# Building the Datasets

In this tutorial we provide the instructions to build the two datasets we have used to train the models

# Download

First we will download the folders that contain the CA coordinates of the experimental structures and the txt file with the pdb codes of every protein.

In [1]:
from torchmdexp.datasets.proteinfactory import ProteinFactory
import numpy as np
import tarfile
import os

In [2]:
datasets_path = '../data/datasets'
output_path = '.'
notebook_dir = os.getcwd()

### Fast-folders:

In [3]:
with tarfile.open(os.path.join(datasets_path, 'fastfolders.tar.gz')) as tar:
    tar.extractall(output_path)

In [4]:
protein_factory = ProteinFactory()
protein_factory.create_dataset(dataset = os.path.join(notebook_dir, 'fastfolders/ff.txt'), 
                               data_dir = os.path.join(notebook_dir, 'fastfolders/ff'),
                               out_dir = os.path.join(notebook_dir, 'fastfolders/ff.npy')
                              )

100%|███████████████████████████████████████████| 12/12 [00:00<00:00, 13.85it/s]

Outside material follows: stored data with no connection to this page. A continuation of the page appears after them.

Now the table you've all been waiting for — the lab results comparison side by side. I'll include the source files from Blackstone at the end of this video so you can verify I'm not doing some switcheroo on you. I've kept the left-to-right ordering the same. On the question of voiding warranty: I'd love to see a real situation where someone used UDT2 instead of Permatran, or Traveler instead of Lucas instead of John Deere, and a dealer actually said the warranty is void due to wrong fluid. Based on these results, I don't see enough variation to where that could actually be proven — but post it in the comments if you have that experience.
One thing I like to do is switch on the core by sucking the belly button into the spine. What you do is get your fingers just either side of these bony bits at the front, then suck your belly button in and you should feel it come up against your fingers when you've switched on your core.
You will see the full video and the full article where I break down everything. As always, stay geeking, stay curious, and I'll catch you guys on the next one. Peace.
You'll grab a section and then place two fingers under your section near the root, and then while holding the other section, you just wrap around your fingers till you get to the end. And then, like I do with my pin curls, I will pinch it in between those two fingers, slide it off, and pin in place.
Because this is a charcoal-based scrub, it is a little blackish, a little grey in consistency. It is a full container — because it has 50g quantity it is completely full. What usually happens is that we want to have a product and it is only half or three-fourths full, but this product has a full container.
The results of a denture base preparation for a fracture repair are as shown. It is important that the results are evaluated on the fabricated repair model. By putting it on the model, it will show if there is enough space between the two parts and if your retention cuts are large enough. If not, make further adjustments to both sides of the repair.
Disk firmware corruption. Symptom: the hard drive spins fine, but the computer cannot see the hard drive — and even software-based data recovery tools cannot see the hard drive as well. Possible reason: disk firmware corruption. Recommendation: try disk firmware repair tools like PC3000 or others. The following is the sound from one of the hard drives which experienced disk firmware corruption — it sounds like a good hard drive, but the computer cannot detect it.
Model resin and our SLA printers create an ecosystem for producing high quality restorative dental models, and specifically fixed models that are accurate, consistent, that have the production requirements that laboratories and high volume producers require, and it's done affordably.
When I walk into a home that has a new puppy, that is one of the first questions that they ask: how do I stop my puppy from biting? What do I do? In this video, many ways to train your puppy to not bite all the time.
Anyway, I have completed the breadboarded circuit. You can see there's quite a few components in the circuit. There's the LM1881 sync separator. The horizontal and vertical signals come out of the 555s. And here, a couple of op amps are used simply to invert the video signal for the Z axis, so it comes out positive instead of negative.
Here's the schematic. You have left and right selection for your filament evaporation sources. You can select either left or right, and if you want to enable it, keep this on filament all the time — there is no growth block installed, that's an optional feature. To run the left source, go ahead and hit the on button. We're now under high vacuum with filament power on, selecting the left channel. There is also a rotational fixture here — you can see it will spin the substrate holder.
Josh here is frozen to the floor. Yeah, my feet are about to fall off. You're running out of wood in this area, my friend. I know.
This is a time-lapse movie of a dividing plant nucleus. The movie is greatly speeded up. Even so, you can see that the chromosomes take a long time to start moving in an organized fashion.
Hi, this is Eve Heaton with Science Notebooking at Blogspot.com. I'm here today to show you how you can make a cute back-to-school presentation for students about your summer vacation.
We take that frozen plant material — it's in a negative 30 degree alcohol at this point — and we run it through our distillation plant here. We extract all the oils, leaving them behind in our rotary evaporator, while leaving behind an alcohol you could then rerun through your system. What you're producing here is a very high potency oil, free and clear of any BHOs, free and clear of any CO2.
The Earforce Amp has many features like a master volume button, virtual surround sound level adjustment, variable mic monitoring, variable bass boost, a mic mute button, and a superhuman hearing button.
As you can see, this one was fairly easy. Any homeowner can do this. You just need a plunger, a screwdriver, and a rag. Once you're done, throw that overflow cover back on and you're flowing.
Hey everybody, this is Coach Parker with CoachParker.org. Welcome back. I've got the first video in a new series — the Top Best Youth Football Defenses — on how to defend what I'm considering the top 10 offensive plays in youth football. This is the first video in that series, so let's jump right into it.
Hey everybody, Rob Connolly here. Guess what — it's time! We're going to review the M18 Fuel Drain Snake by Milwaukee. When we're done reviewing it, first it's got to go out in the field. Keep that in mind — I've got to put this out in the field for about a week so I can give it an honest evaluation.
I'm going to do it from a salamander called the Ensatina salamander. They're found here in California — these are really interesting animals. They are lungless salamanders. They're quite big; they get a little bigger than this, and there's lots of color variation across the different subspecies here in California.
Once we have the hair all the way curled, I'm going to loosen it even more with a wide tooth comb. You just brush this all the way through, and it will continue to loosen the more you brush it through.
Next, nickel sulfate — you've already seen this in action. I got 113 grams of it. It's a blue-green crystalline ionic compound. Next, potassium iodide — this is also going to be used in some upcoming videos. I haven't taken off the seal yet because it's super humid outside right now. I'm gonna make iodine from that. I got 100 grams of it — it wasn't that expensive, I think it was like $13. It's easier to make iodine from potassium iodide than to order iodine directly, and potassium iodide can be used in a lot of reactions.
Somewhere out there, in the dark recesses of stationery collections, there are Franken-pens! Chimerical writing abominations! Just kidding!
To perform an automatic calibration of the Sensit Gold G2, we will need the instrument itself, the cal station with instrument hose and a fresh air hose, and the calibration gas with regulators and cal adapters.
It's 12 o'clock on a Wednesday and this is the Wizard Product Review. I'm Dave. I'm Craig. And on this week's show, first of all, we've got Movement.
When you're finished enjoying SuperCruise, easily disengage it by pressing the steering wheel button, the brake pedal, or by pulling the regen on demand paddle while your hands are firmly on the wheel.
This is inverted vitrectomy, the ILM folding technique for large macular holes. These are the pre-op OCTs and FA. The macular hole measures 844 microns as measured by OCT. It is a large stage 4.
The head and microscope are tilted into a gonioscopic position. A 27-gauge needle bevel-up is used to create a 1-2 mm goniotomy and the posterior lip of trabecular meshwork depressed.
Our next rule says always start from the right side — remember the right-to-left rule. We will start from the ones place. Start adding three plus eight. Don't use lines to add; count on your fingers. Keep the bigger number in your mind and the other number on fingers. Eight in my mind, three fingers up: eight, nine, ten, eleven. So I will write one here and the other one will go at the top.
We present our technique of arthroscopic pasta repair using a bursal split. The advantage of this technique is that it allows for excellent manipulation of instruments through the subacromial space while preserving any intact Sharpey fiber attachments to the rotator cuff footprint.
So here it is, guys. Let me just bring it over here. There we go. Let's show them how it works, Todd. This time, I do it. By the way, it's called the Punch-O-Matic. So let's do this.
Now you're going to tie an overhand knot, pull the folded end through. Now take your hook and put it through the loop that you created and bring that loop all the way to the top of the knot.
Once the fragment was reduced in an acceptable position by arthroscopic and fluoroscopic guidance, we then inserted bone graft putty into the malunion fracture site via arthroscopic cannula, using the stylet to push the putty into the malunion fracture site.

### Computational Solved Structures

In [None]:
with tarfile.open(os.path.join(datasets_path, 'csm_50.tar.gz')) as tar:
    tar.extractall(output_path)

In [18]:
protein_factory = ProteinFactory()
protein_factory.create_dataset(dataset = os.path.join(notebook_dir, 'csm_50/csm_50.txt'), 
                               data_dir = os.path.join(notebook_dir, 'csm_50/csm_dataset_50'),
                               out_dir = os.path.join(notebook_dir, 'csm_50/csm_50.npy')
                              )

100%|█████████████████████████████████████████████████████████| 15021/15021 [07:49<00:00, 31.99it/s]


Now we have prepared the datasets for training our models. Custom datasets can be created with pdb structures, only a folder that contains a subfolder x_0 with pdb structures and a .txt 
file with the names of the structures that the user wants to use are needed to create new datasets.